Task brief: Every line from the line containing "My name's Ben" through the end of the data is to be reproduced exactly, excluding pictures.

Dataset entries
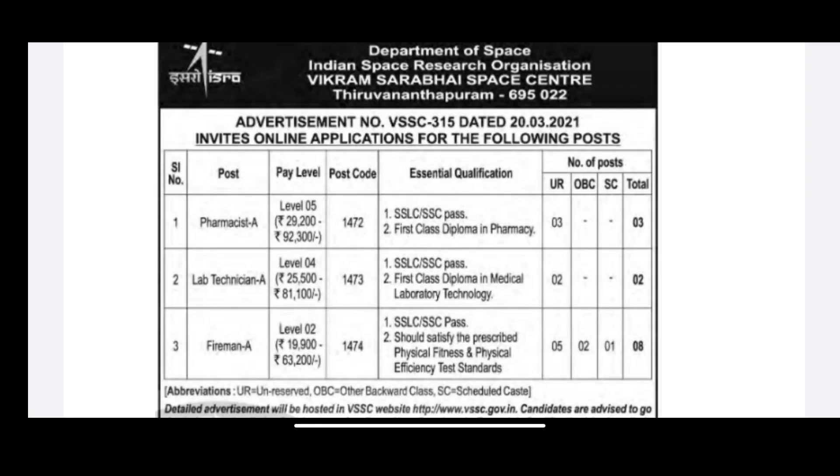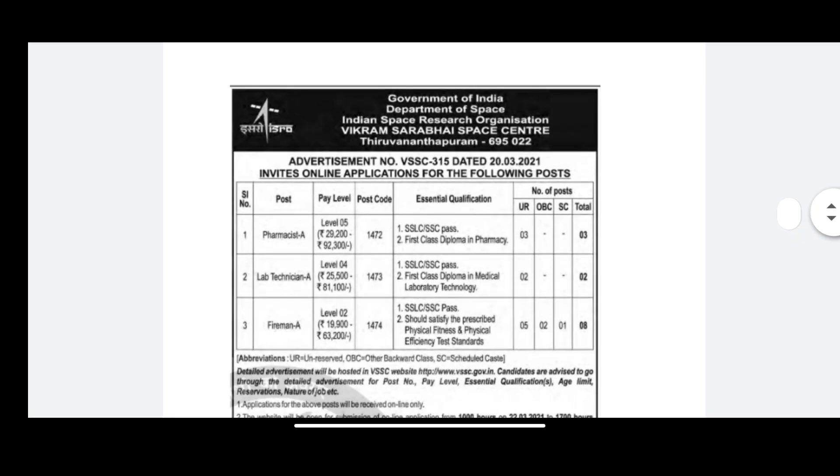If you apply for this post, you can apply within the last 30 days. You will see a physical test requirement, and you will have to meet the physical standards to apply for this post.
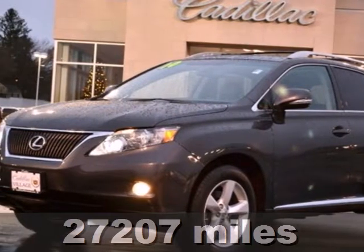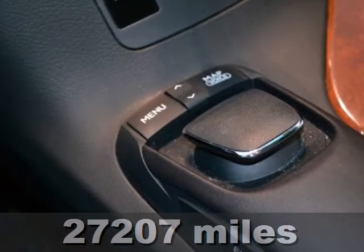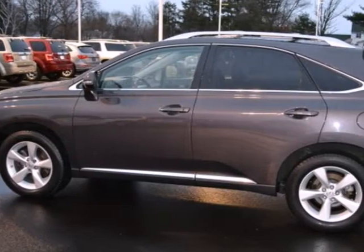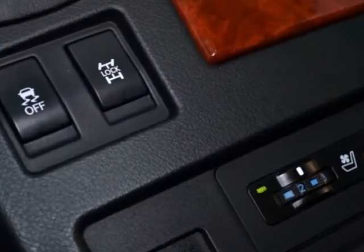Here's a 2010 Lexus RX350. The RX350 was designed with comfort and convenience in mind, with standard features including dual zone climate control, heated power mirrors, one-touch power windows, premium leather upholstery, and a tire pressure monitor.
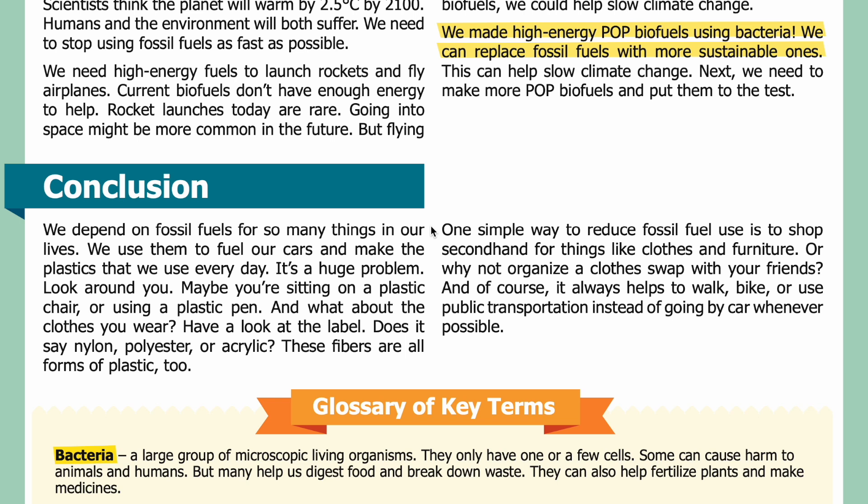We depend on fossil fuels for so many things in our lives — we use them to fuel our cars and make the plastics we use every day. It's a huge problem. Look around you — maybe you're sitting on a plastic chair or using a plastic pen. What about the clothes you wear? Does the label say nylon, polyester, or acrylic? These fibers are all forms of plastic too. One simple way to reduce fossil fuel use is to shop second-hand for things like clothes and furniture, or organize a clothes swap with your friends. And of course, it always helps to walk, bike, or use public transportation instead of going by car whenever possible. Thank you for listening. Visit our website at sciencejournalforkids.org for more free science teaching resources.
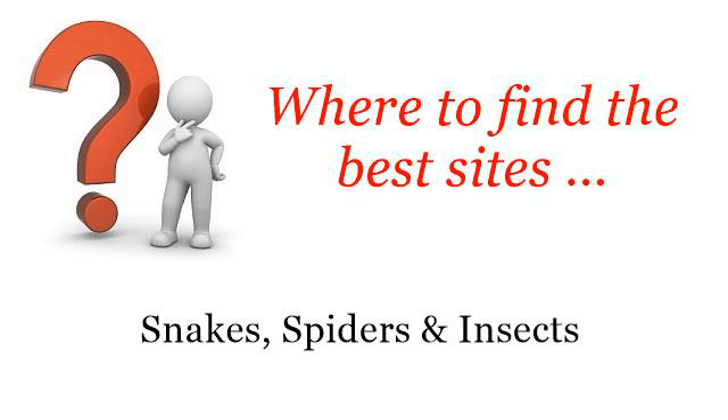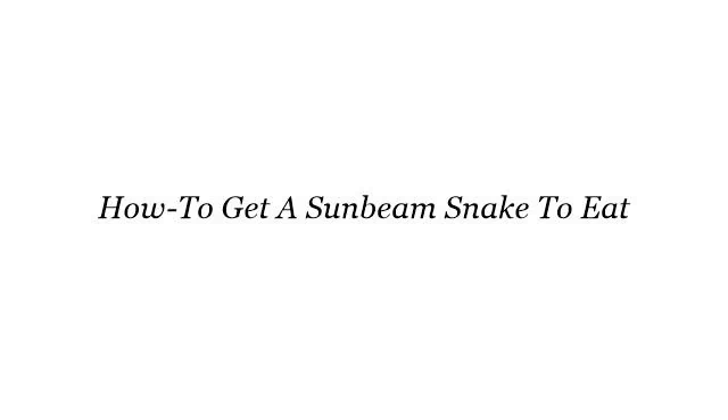Where to find the best sites? Snakes, spiders and insects. Hi! You want more information about how to get a sunbeam snake to eat? These selected resources on the web might help you.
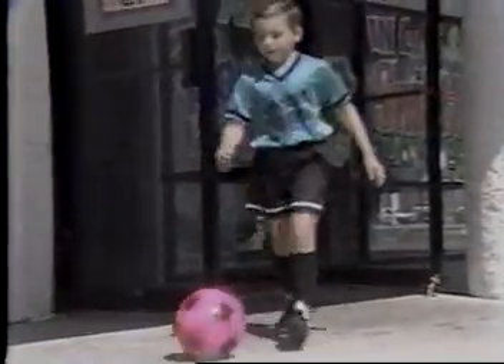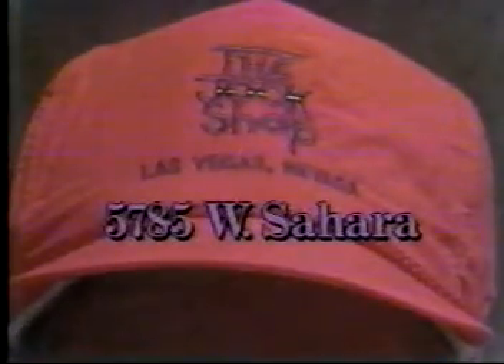But the really important thing is, the whole team will get a kick out of their stylish new uniforms from the Jock Shop, and your business name becomes a standout. If you're going to do it right, do it at the Jock Shop, 5785 West Sahara.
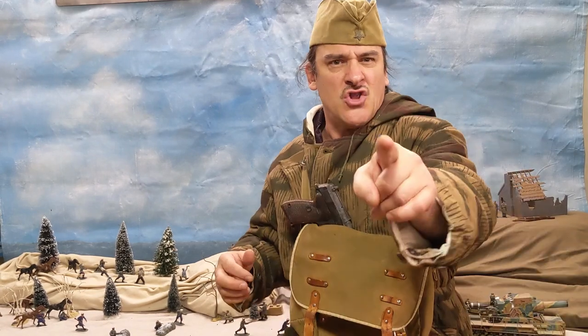Put it in the comments — I always return the comments, and it's really fun interacting with all of you. Anyway, my name is Chris Ginaldo, I'm the Plastic General, and long live 1/32 World War II.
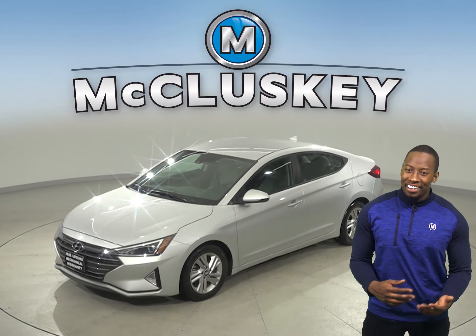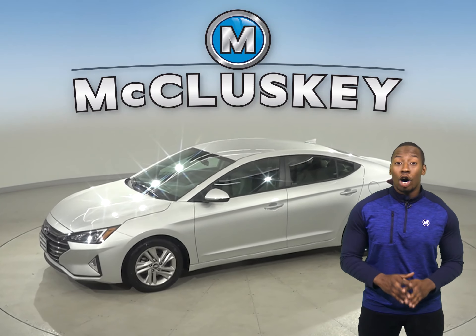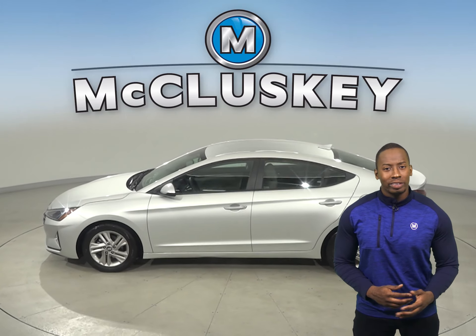This is a 2019 Hyundai Elantra. This vehicle has all the bells and whistles to be the perfect four-door sedan.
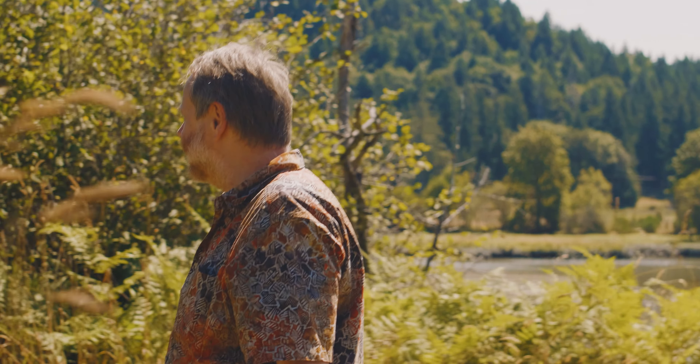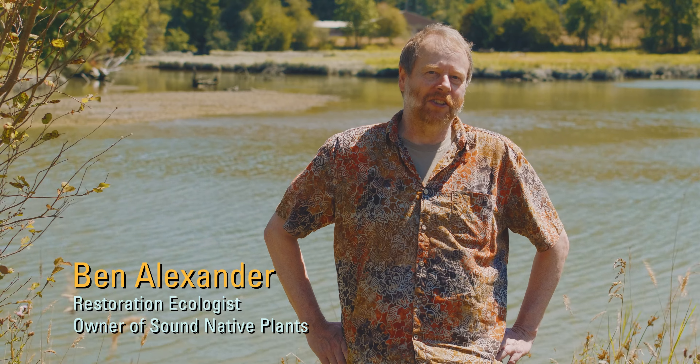My name's Ben Alexander. I'm a restoration ecologist and the owner of Sound Native Plants.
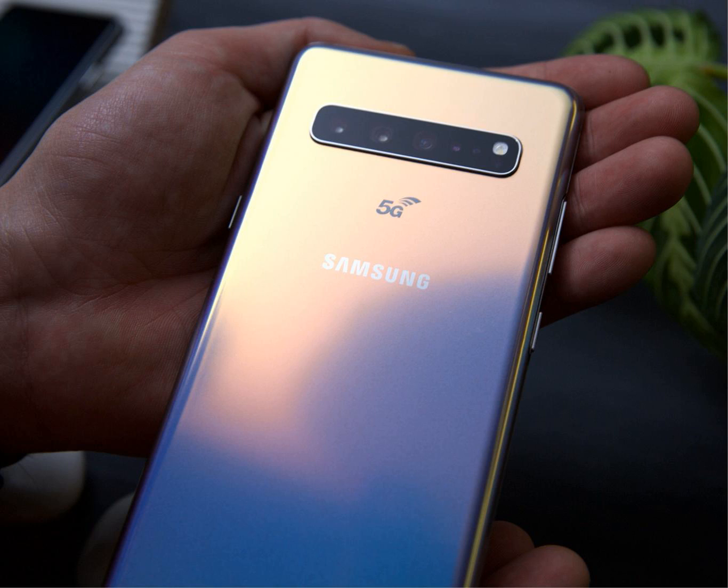The S10 5G will essentially be a high-powered version of the Galaxy S10 Plus, and will also help set early expectations, for better or worse, for consumer-grade 5G connectivity. Samsung's Galaxy S10 Plus is the current top-of-the-line model for the S10 series, but that will soon change when the company begins rolling out its S10 5G this spring. The phone, which will sport many of the same underpinnings as the S10 Plus, will be among the first 5G mobile devices to hit the market this year.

Response for this exercise:
My name's Ben Alexander. I'm a restoration ecologist and the owner of Sound Native Plants.
The S10 5G will essentially be a high-powered version of the Galaxy S10 Plus, and will also help set early expectations, for better or worse, for consumer-grade 5G connectivity. Samsung's Galaxy S10 Plus is the current top-of-the-line model for the S10 series, but that will soon change when the company begins rolling out its S10 5G this spring. The phone, which will sport many of the same underpinnings as the S10 Plus, will be among the first 5G mobile devices to hit the market this year.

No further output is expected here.